(Beginning of Record excerpts)
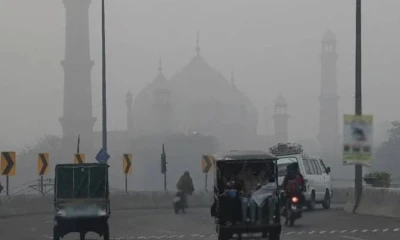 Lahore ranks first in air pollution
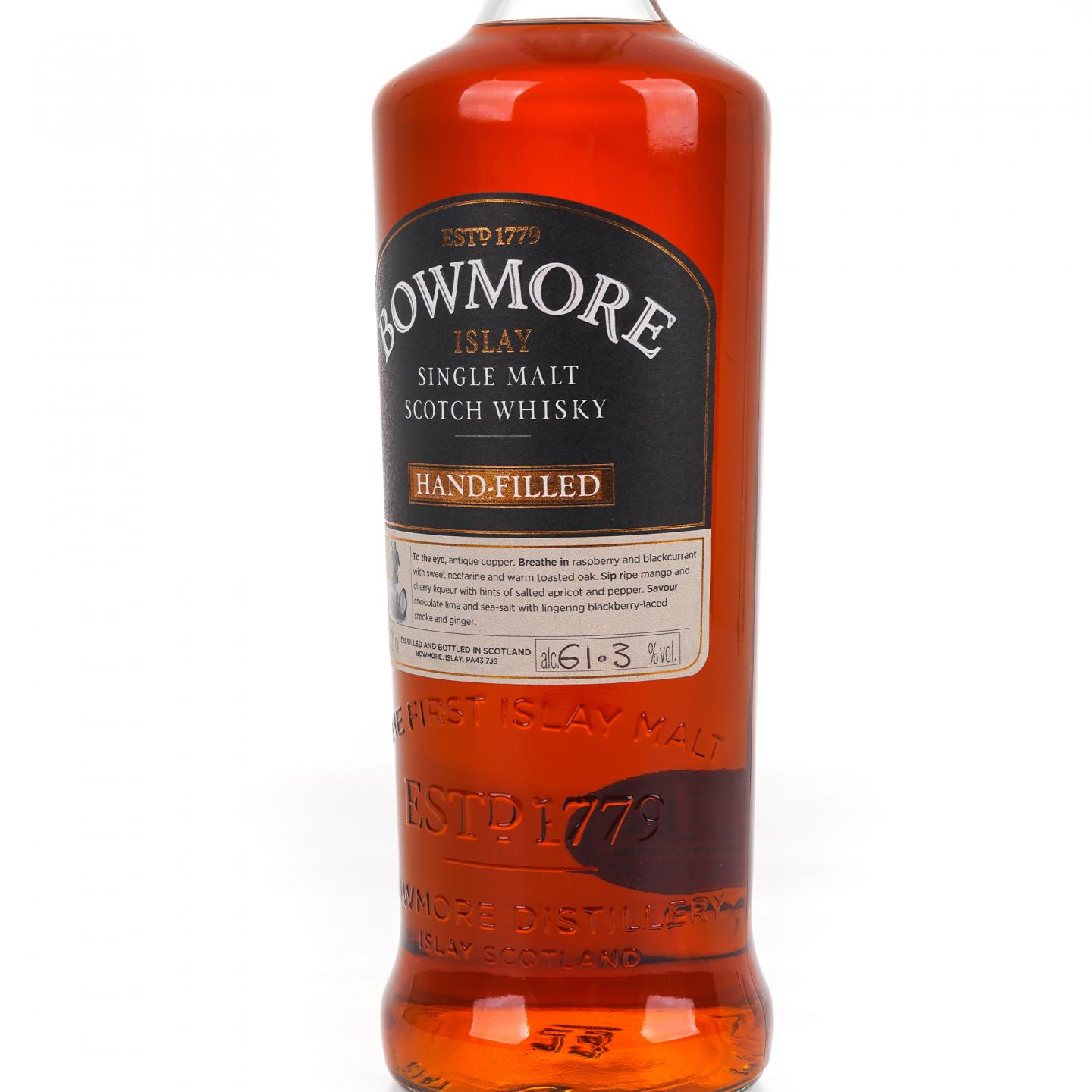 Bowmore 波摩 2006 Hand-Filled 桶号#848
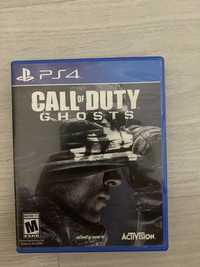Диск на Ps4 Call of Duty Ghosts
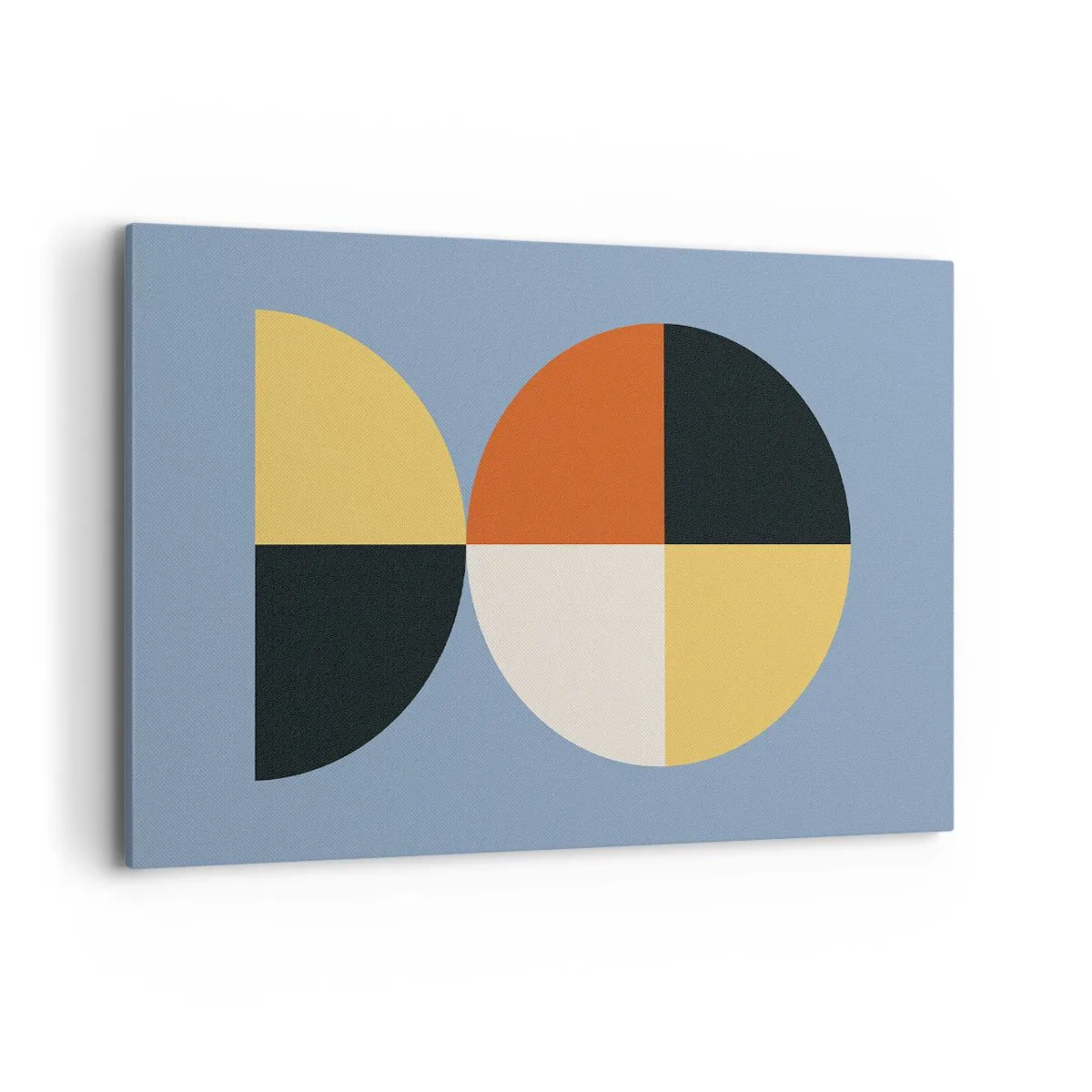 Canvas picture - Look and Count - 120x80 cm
(End of Record excerpts)
(Beginning of Record excerpts)
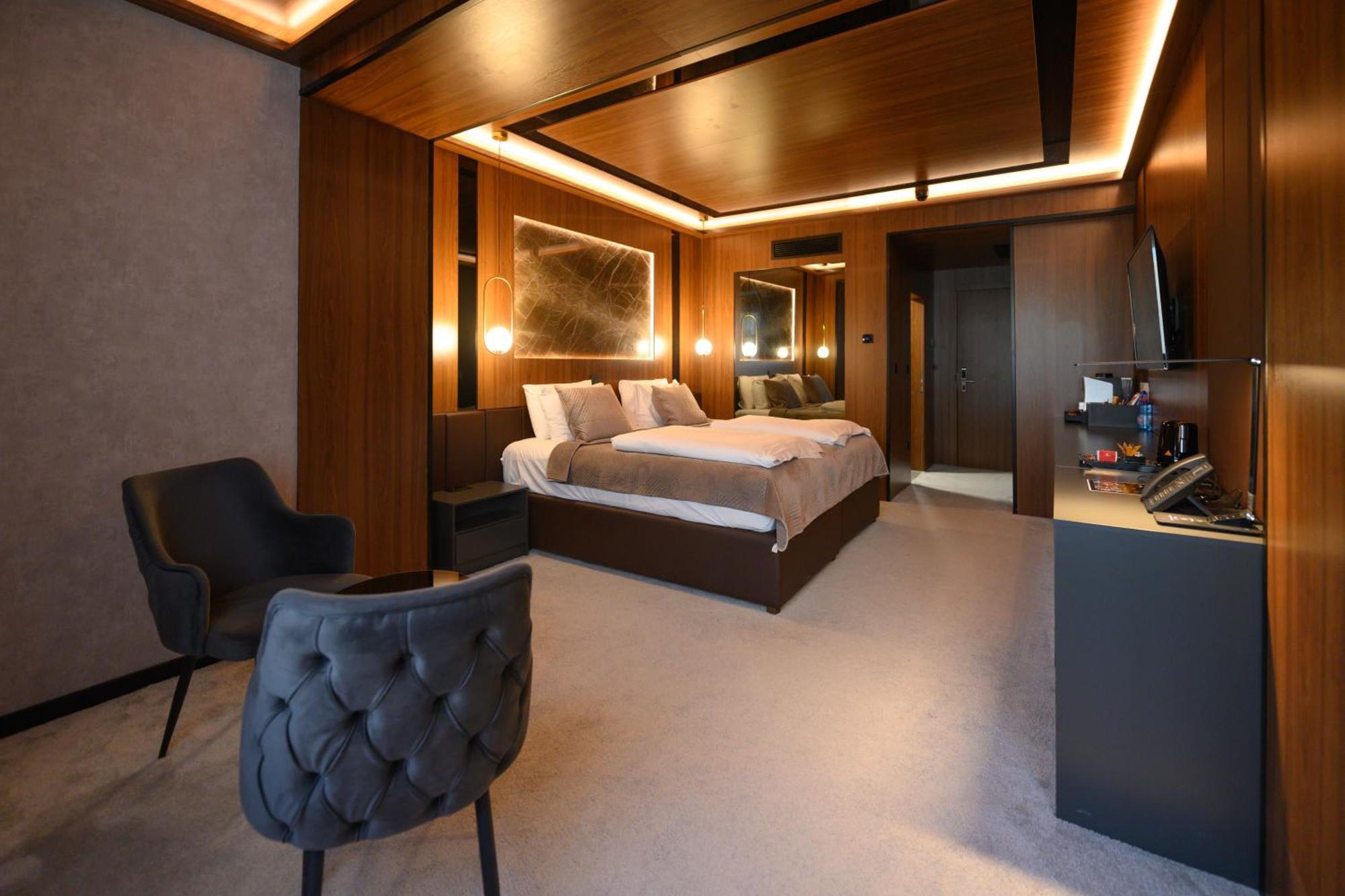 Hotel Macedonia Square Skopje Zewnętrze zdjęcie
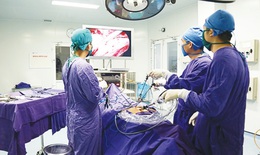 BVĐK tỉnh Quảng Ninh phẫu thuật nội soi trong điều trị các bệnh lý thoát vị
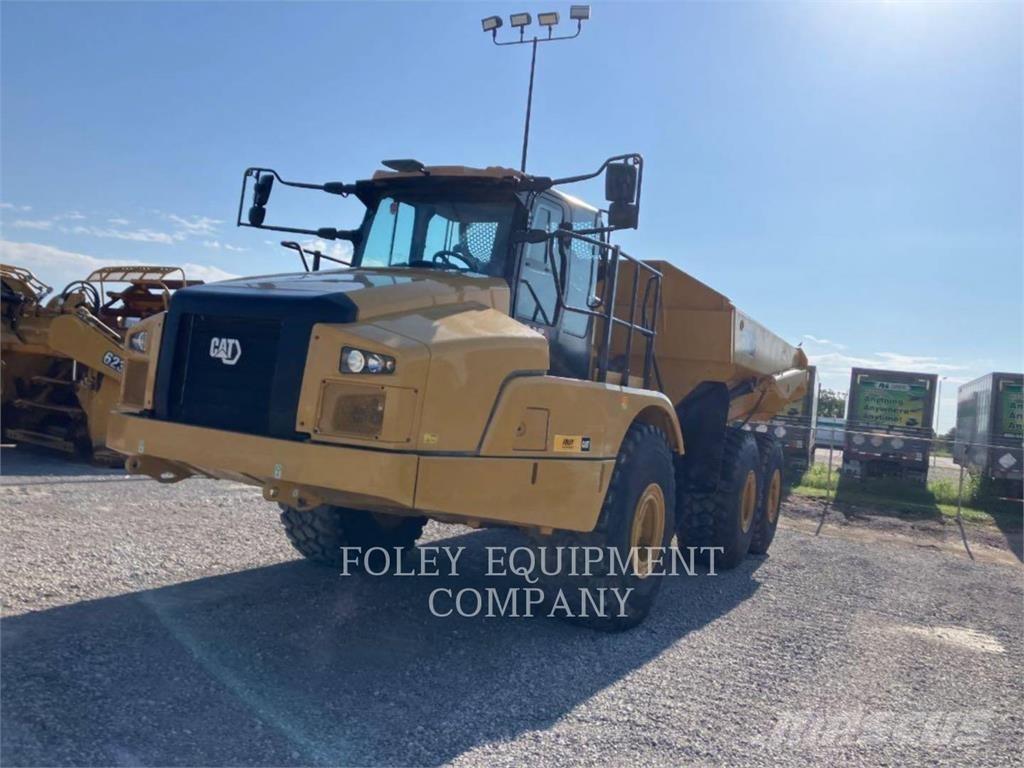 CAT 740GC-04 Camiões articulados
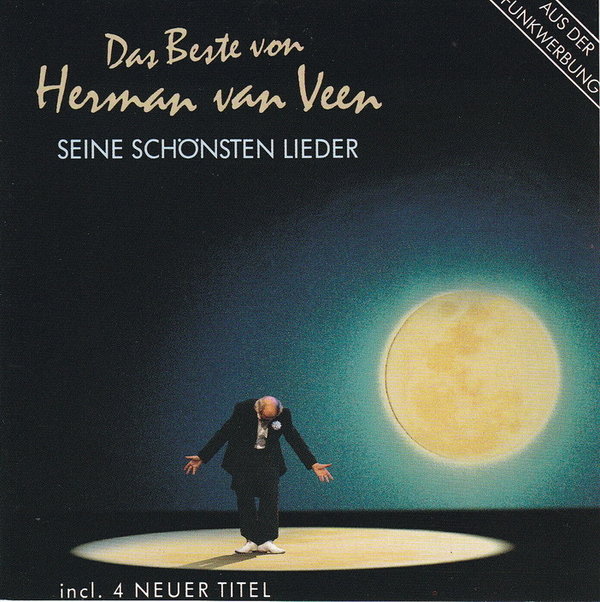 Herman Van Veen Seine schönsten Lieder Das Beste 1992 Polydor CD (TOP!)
(End of Record excerpts)
Assignment: What is needed is an exact copy of the lines above from the one with "Диск на Ps4 Call of Duty Ghosts" to the one with "Canvas picture - Look and Count - 120x80 cm", both ends kept, and nothing more; please leave the pictures out.

Expected answer:
Диск на Ps4 Call of Duty Ghosts
 Canvas picture - Look and Count - 120x80 cm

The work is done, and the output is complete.